# [What to work on]
The required answer is an exact copy of the lines from the one containing "How To Tell" to the end of the listing, both included, without any pictures.

# [Input data]

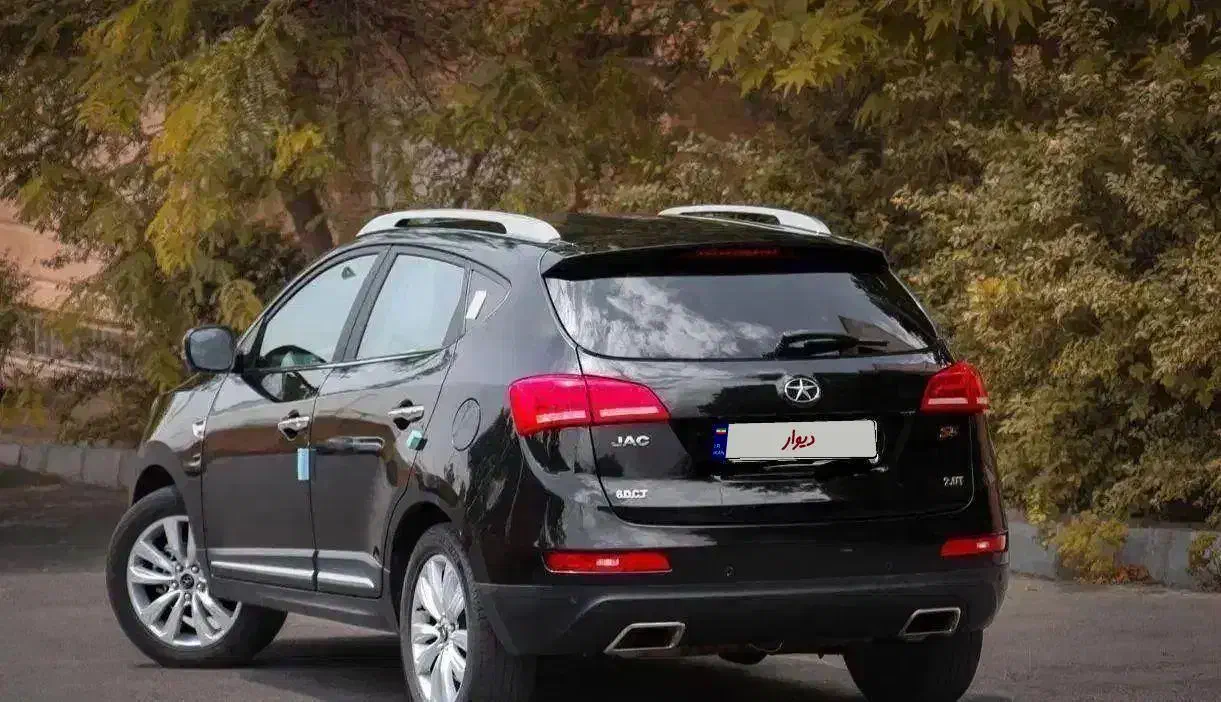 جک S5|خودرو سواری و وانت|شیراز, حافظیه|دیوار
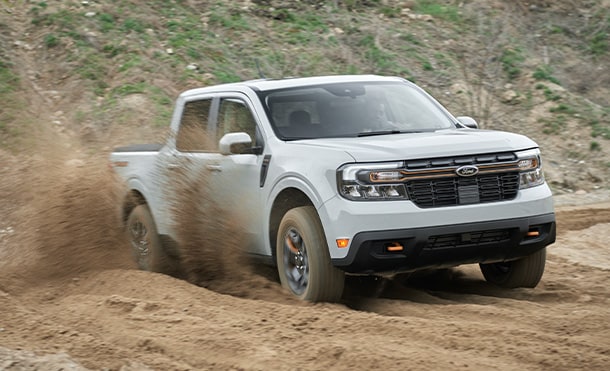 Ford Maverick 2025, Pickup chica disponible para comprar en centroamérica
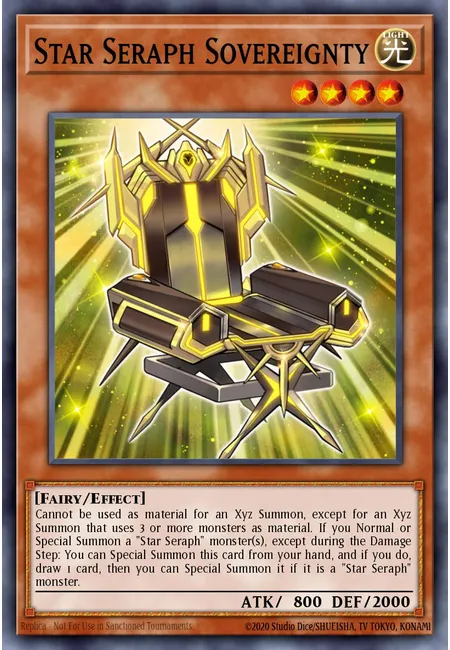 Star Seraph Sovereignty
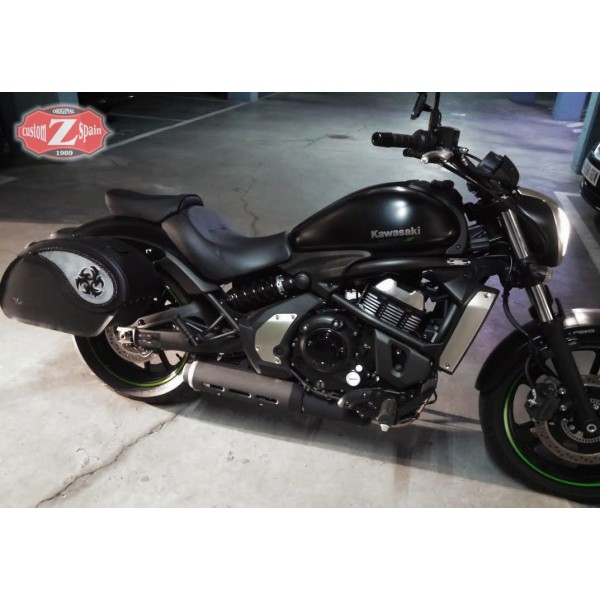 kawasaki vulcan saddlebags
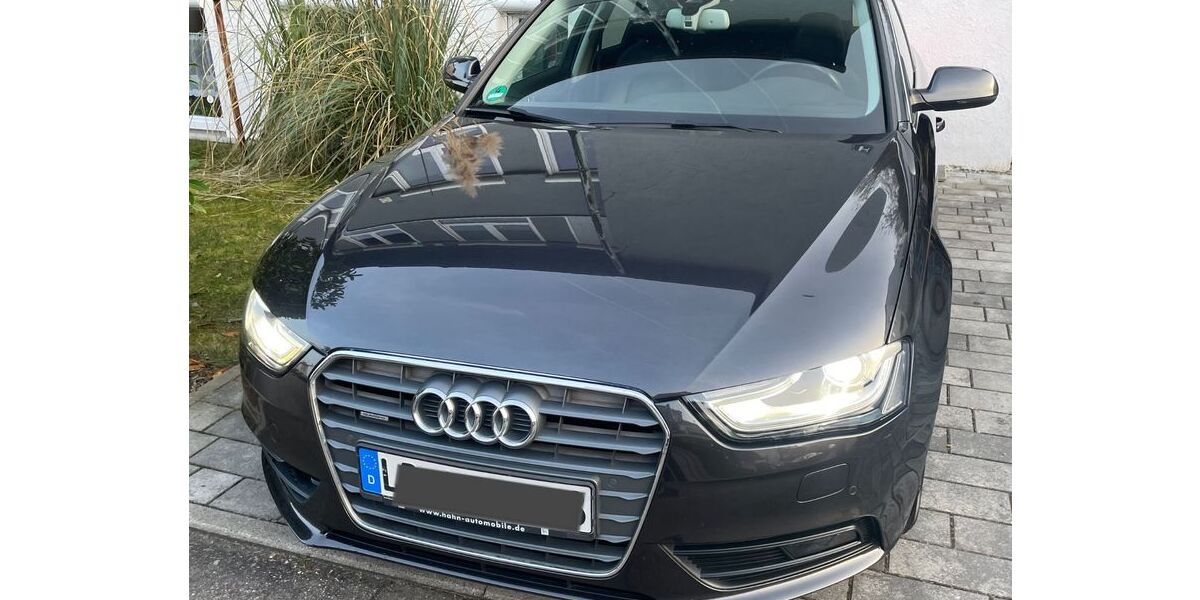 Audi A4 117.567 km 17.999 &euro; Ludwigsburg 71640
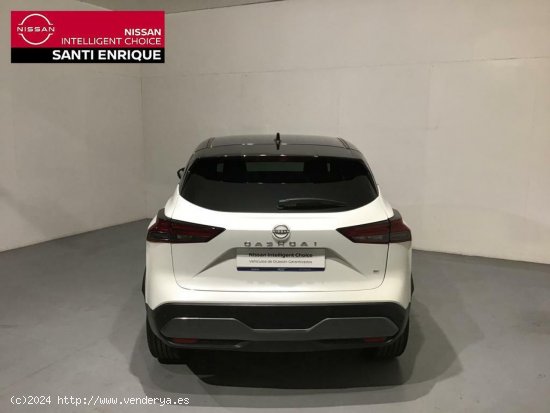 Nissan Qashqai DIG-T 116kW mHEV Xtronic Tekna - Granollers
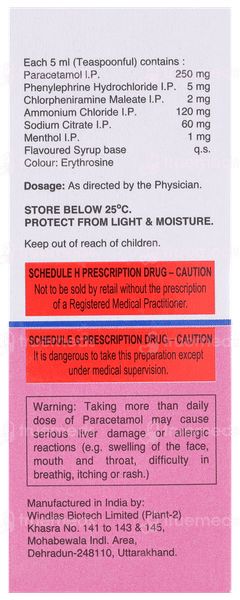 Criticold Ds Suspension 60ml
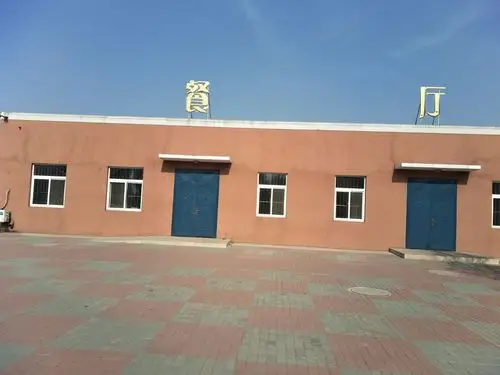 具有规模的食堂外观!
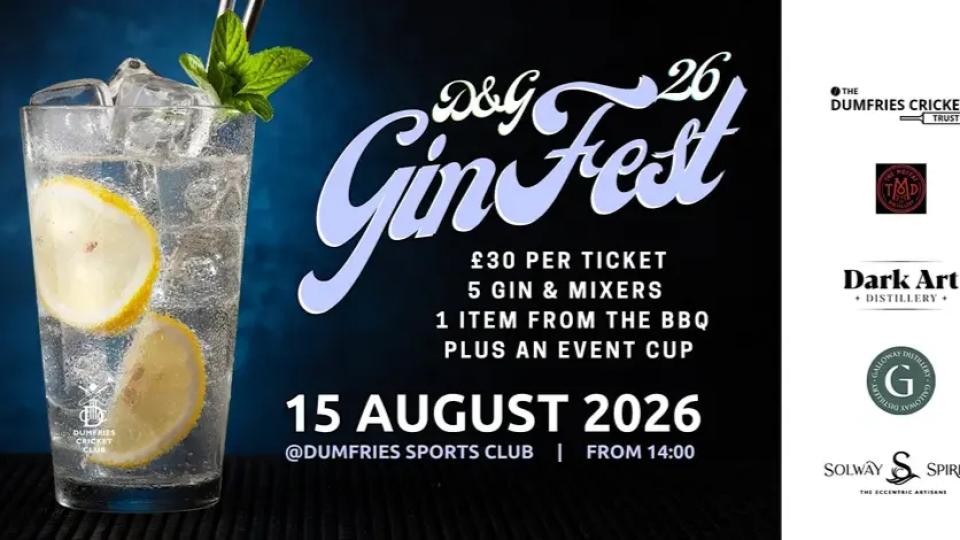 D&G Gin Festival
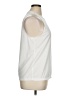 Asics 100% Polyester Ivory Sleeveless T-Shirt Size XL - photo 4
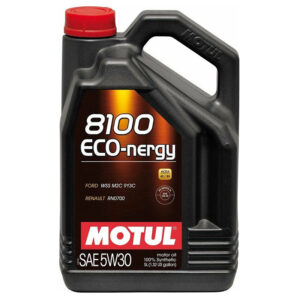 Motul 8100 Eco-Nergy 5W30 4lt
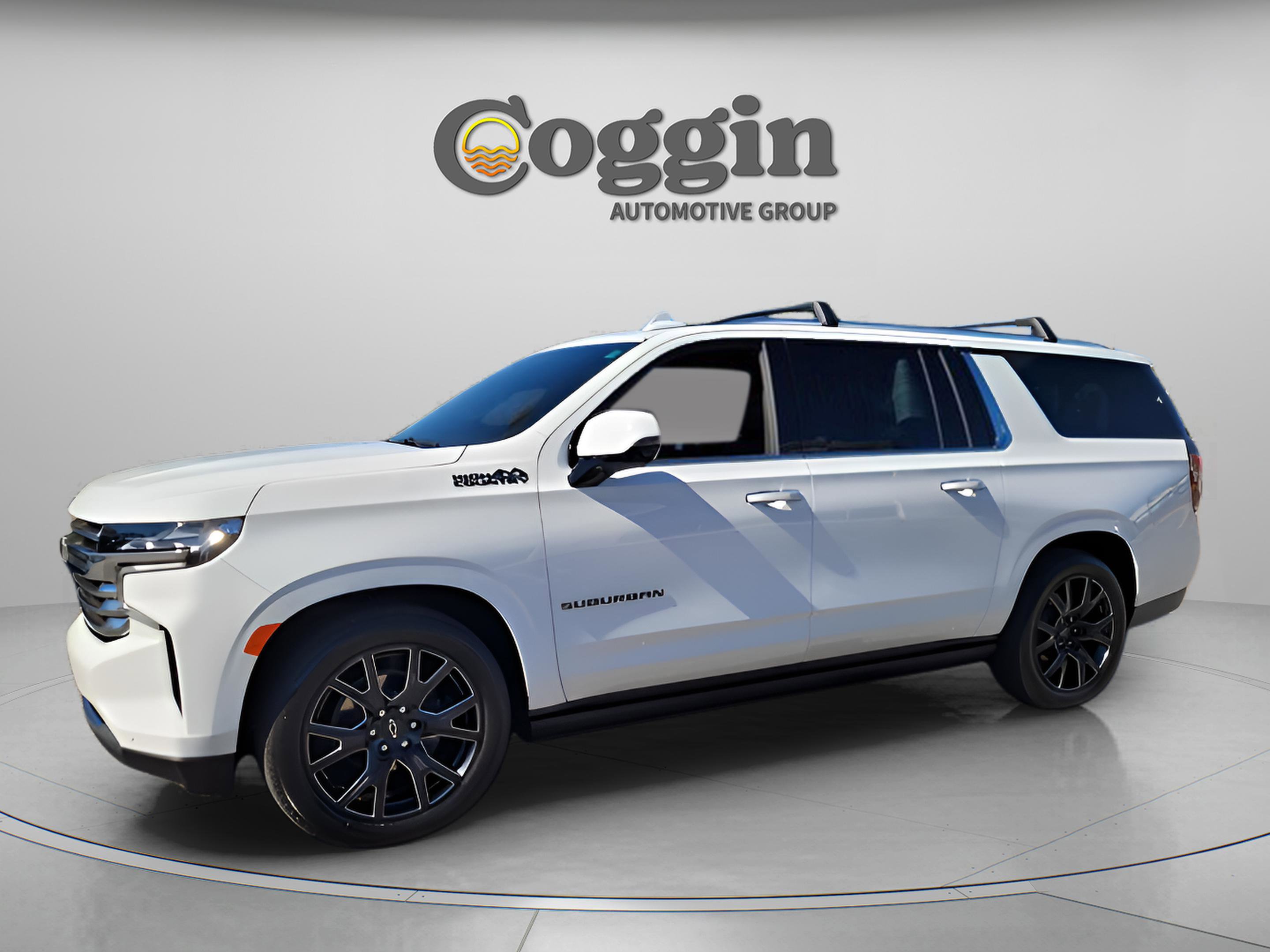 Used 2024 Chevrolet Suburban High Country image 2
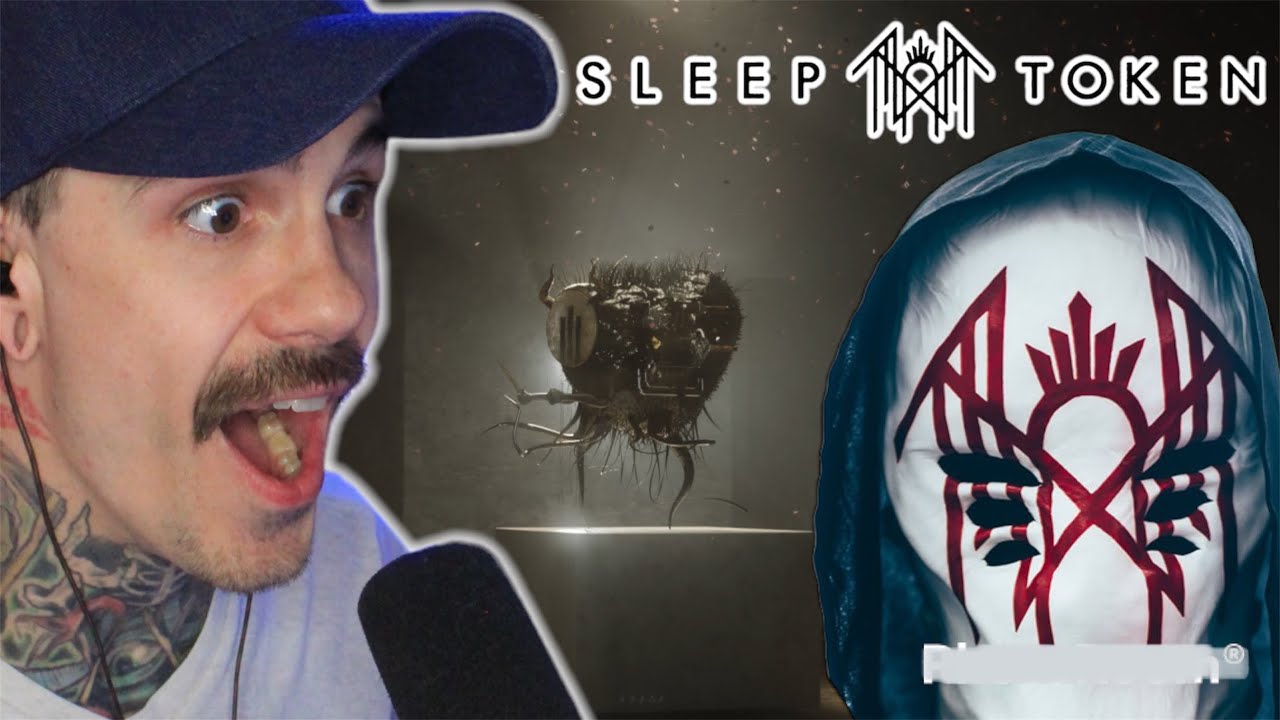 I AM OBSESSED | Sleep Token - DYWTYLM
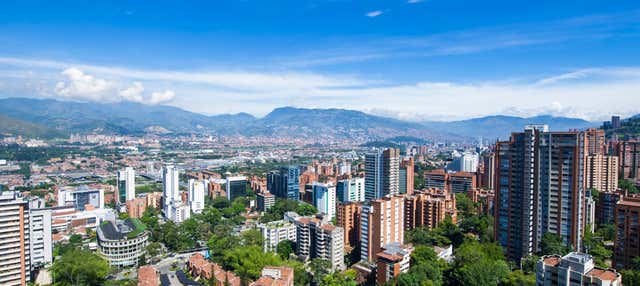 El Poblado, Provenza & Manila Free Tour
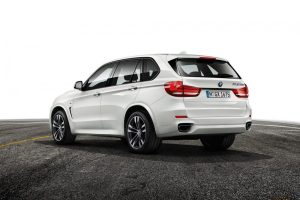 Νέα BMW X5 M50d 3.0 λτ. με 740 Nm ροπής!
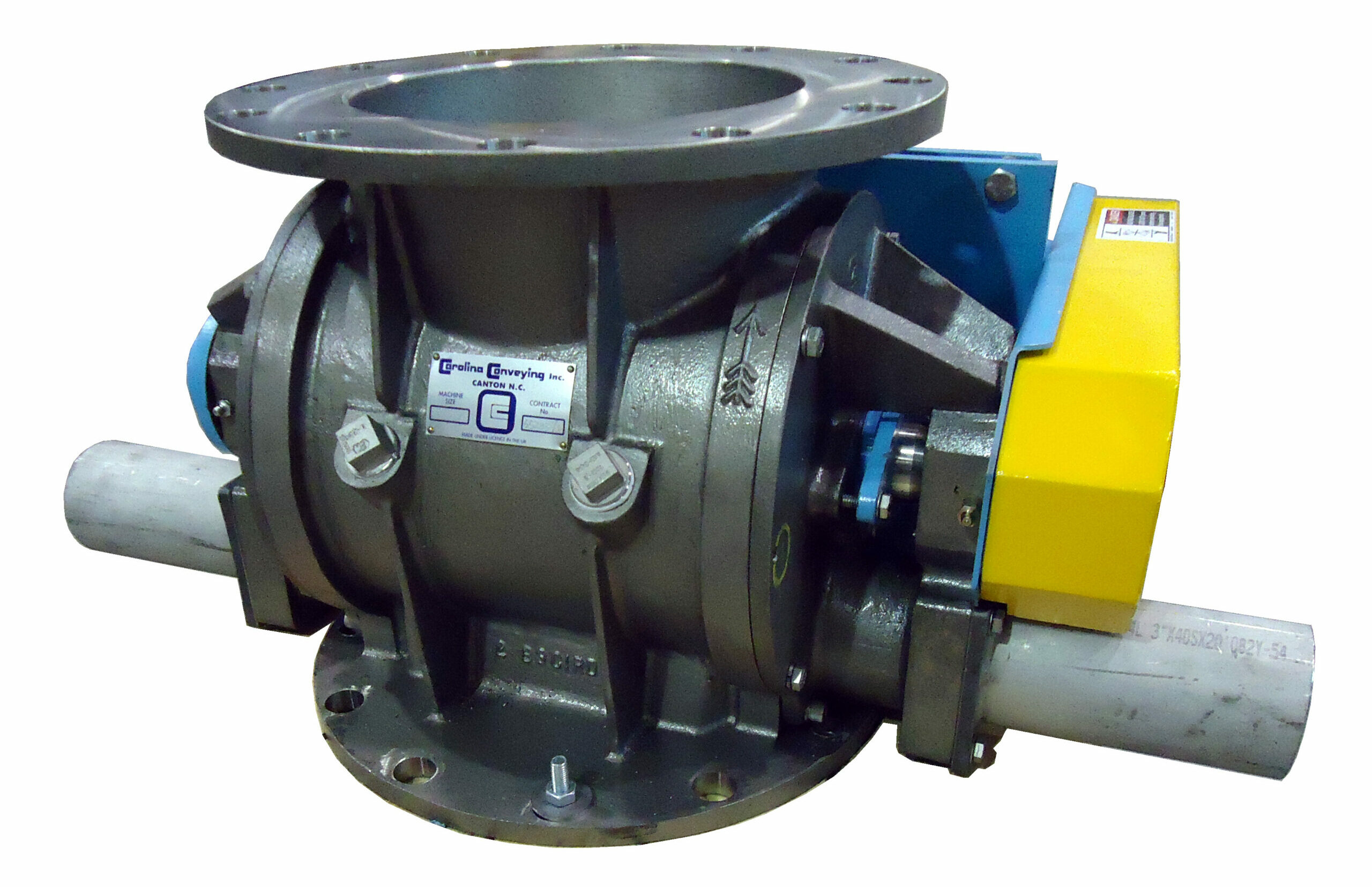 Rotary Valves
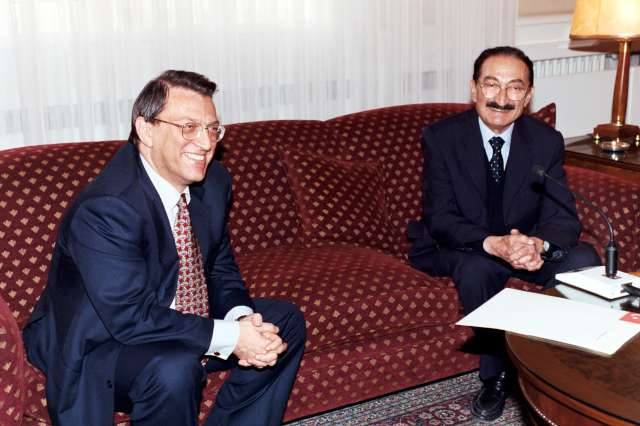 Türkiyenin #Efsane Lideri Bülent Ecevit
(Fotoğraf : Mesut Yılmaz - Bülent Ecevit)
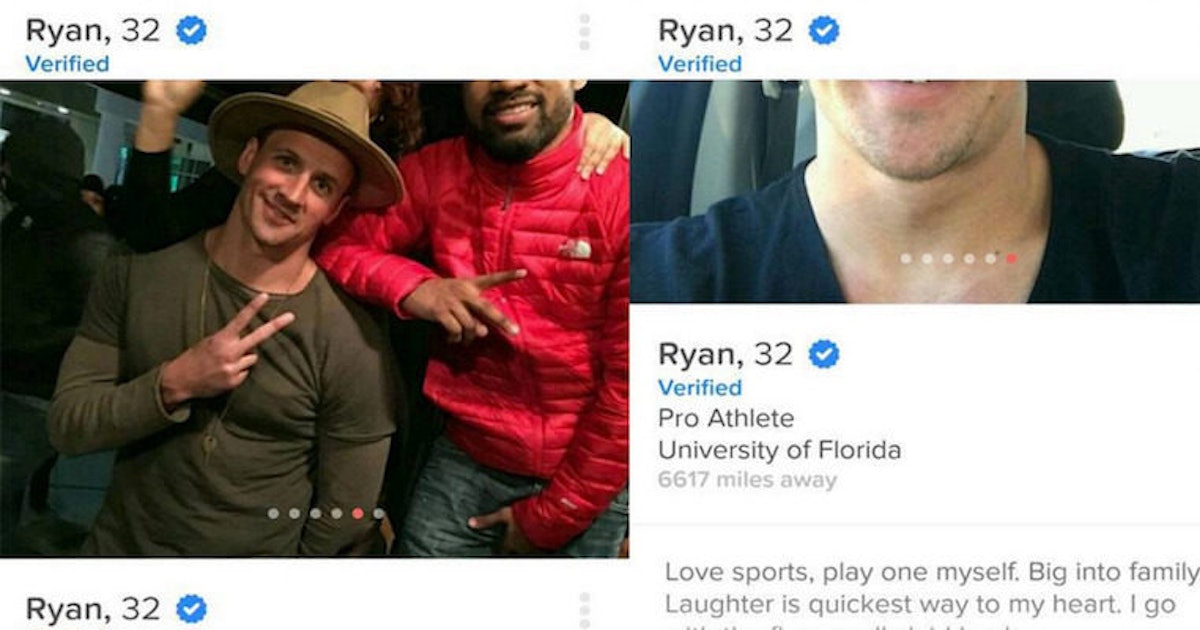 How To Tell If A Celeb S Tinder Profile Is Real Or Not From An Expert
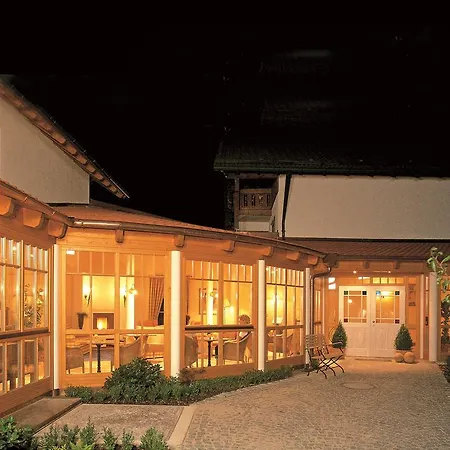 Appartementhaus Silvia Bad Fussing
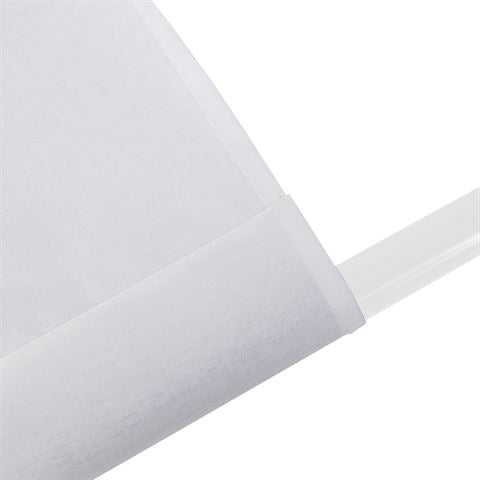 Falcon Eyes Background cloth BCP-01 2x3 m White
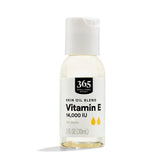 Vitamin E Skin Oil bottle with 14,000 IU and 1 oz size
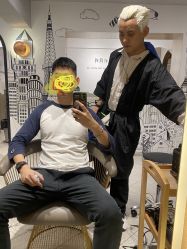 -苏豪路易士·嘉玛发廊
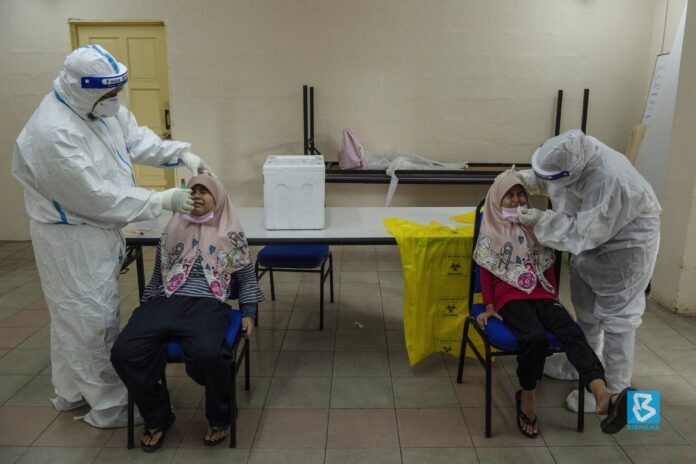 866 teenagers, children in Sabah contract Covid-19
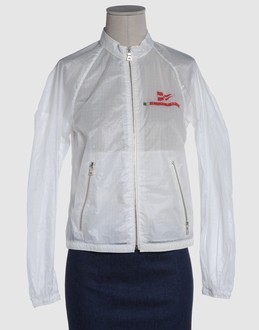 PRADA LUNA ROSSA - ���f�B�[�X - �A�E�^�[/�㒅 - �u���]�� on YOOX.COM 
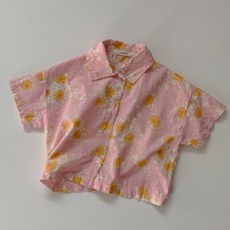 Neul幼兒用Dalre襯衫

# [Exercise output]
 How To Tell If A Celeb S Tinder Profile Is Real Or Not From An Expert
 Appartementhaus Silvia Bad Fussing
 Falcon Eyes Background cloth BCP-01 2x3 m White
 Vitamin E Skin Oil bottle with 14,000 IU and 1 oz size
 -苏豪路易士·嘉玛发廊
 866 teenagers, children in Sabah contract Covid-19
 PRADA LUNA ROSSA - ���f�B�[�X - �A�E�^�[/�㒅 - �u���]�� on YOOX.COM 
 Neul幼兒用Dalre襯衫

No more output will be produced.